NAME
Search::Indexer - full-text indexer
SYNOPSIS
use Search::Indexer;
my $ix = new Search::Indexer(dir => $dir, writeMode => 1);
foreach my $docId (keys %docs) {
$ix->add($docId, $docs{$docId});
}
my $result = $ix->search('+word -excludedWord +"exact phrase");
my @docIds = keys @{$result->{scores}};
my $killedWords = join ", ", @{$result->{killedWords}};
print scalar(@docIds), " documents found\n", ;
print "words $killedWords were ignored during the search\n" if $killedWords;
foreach my $docId (@docIds) {
my $score = $result->{scores}{$docId};
my $excerpts = join "\n", $ix->excerpts($docs{$docId}, $result->{regex});
print "DOCUMENT $docId, score $score:\n$excerpts\n\n";
}
my $result2 = $ix->search('word1 AND (word2 OR word3) AND NOT word4');
$ix->remove($someDocId);
DESCRIPTION
This module provides support for indexing a collection of documents, for searching the collection, and displaying the sorted results, together with contextual excerpts of the original document.
Documents
As far as this module is concerned, a document is just a buffer of plain text, together with a unique identifying number. The caller is responsible for supplying unique numbers, and for converting the original source (HTML, PDF, whatever) into plain text. Documents could also contain more information (other fields like date, author, Dublin Core, etc.), but this must be handled externally, in a database or any other store. A candidate for storing metadata about documents could be File::Tabular, which uses the same query parser.
Search syntax
Searching requests may include plain terms, "exact phrases", '+' or '-' prefixes, boolean operators and parentheses. See Search::QueryParser for details.
Index files
The indexer uses three files in BerkeleyDB format : a) a mapping from words to wordIds; b) a mapping from wordIds to lists of documents ; c) a mapping from pairs (docId, wordId) to lists of positions within the document. This third file holds detailed information and therefore is quite big ; but it allows us to quickly retrieve "exact phrases" (sequences of adjacent words) in the document.
Indexing steps
Indexing of a document buffer goes through the following steps :
terms are extracted, according to the wregex regular expression
extracted terms are normalized or filtered out by the wfilter callback function. This function can for example remove accented characters, perform lemmatization, suppress irrelevant terms (such as numbers), etc.
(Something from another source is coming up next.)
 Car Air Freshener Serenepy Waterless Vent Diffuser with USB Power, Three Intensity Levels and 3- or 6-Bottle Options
normalized terms are eliminated if they belong to the stopwords list (list of common words to exclude from the index).
remaining terms are stored, together with the positions where they occur in the document.
Limits
All ids are stored as unsigned 32-bit integers; therefore there is a limit of 4294967295 to the number of documents or to the number of different words.
Related modules
A short comparison with other CPAN indexing modules is given in the "SEE ALSO" section.
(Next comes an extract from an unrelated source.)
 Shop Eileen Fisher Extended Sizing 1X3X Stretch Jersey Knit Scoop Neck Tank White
This module depends on Search::QueryParser for analyzing requests and on BerkeleyDB for storing the indexes.
This module was designed together with File::Tabular.
METHODS
new(arg1 => expr1, ...)
-
Creates an indexer (either for a new index, or for accessing an existing index). Parameters are :
- dir
-
Directory for index files. and possibly for the stopwords file. Default is current directory
- writeMode
-
Give a true value if you intend to write into the index.
- wregex
-
Regex for matching a word (
qr/\w+/
by default). Will affect both add and search method. This regex should not contain any capturing parentheses. - wfilter
-
Ref to a callback sub that may normalize or eliminate a word. Will affect both add and search method. The default wfilter translates words in lower case and translates latin1 (iso-8859-1) accented characters into plain characters.
- stopwords
-
List of words that will be marked into the index as "words to exclude". This should usually occur when creating a new index ; but nothing prevents you to add other stopwords later. Since stopwords are stored in the index, they need not be specified When opening an index for searches or updates.
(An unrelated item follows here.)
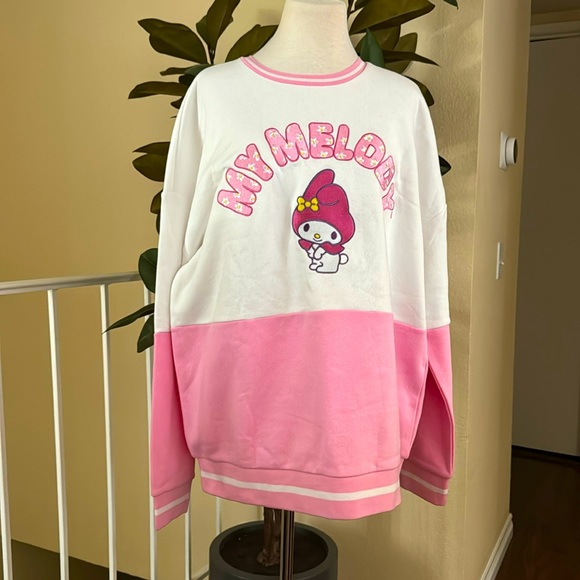 Sanrio My Melody Embroidered Panel Crewneck Sweater Boxlunch Exclusive L - Picture 3 of 12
The list may be supplied either as a ref to an array of scalars, or as a the name of a file containing the stopwords (full pathname or filename relative to dir).
- fieldname
-
Will only affect the search method. Search queries are passed to a general parser (see Search::QueryParser). Then, before being applied to the present indexer module, queries are pruned of irrelevant items. Query items are considered relevant if they have no associated field name, or if the associated field name is equal to this
fieldname
.
Below are some additional parameters that only affect the "excerpts" method.
- ctxtNumChars
-
Number of characters determining the size of contextual excerpts return by the "excerpts" method. A contextual excerpt is a part of the document text, containg a matched word surrounded by ctxtNumChars characters to the left and to the right. Default is 35.
- maxExcerpts
-
Maximum number of contextual excerpts to retrieve per document. Default is 5.
- preMatch
-
String to insert in contextual excerpts before a matched word. Default is
"<b>"
. - postMatch
-
String to insert in contextual excerpts after a matched word. Default is
"</b>"
.
add(docId, buf)
-
Add a new document to the index. docId is the unique identifier for this doc (the caller is responsible for uniqueness). buf is a scalar containing the text representation of this doc.
remove(docId)
-
Removes a document from the index.
wordIds(docId)
-
Returns a ref to an array of word Ids contained in the specified document
words(prefix)
-
Returns a ref to an array of words found in the dictionary, starting with prefix (i.e.
$ix->words("foo")
will return "foo", "food", "fool", "footage", etc.). dump()
-
Debugging function, prints indexed words with list of associated docs.
search(queryString, implicitPlus)
-
Searches the index. See the "SYNOPSIS" and "DESCRIPTION" sections above for short descriptions of query strings, or Search::QueryParser for details. The second argument is optional ; if true, all words without any prefix will implicitly take prefix '+' (mandatory words).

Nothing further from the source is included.